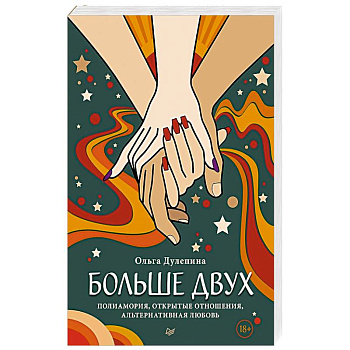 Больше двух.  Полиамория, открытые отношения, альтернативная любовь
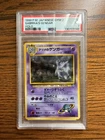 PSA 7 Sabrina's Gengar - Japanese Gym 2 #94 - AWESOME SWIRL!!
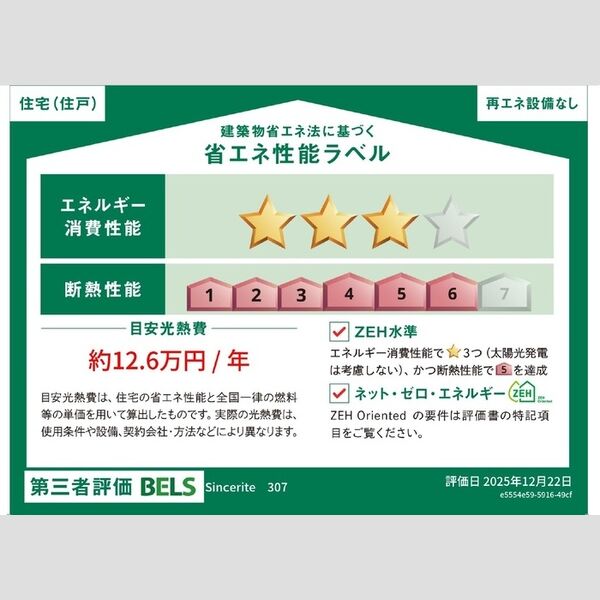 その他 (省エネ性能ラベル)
______
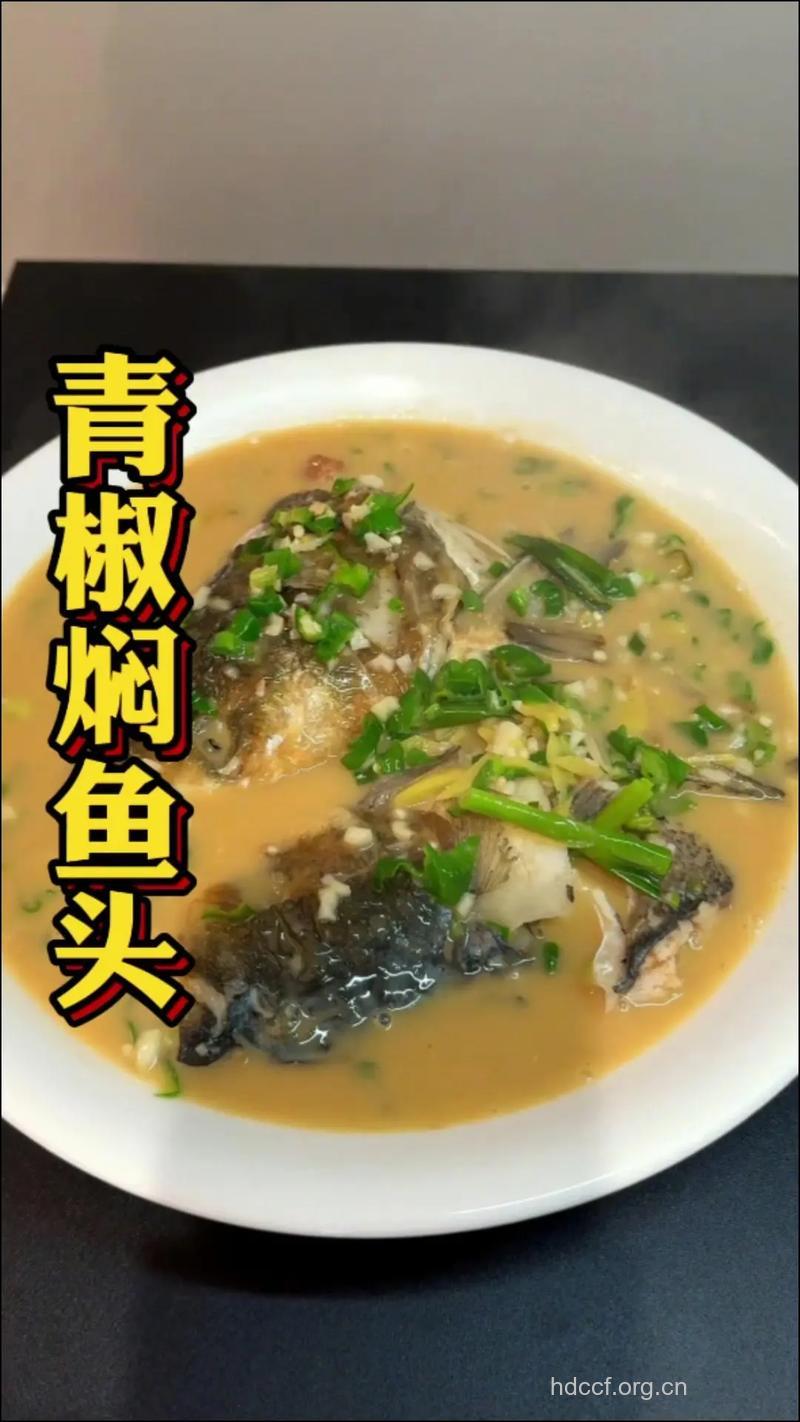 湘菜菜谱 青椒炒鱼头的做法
______
# Instructions to follow
Only the lines above from the one with "отношения, альтернативная любовь" to the one with "その他 (省エネ性能ラベル)" should be printed, both included and exactly as written; no picture belongs in the copy.

# Exercise answer
 Больше двух.  Полиамория, открытые отношения, альтернативная любовь
 PSA 7 Sabrina's Gengar - Japanese Gym 2 #94 - AWESOME SWIRL!!
 その他 (省エネ性能ラベル)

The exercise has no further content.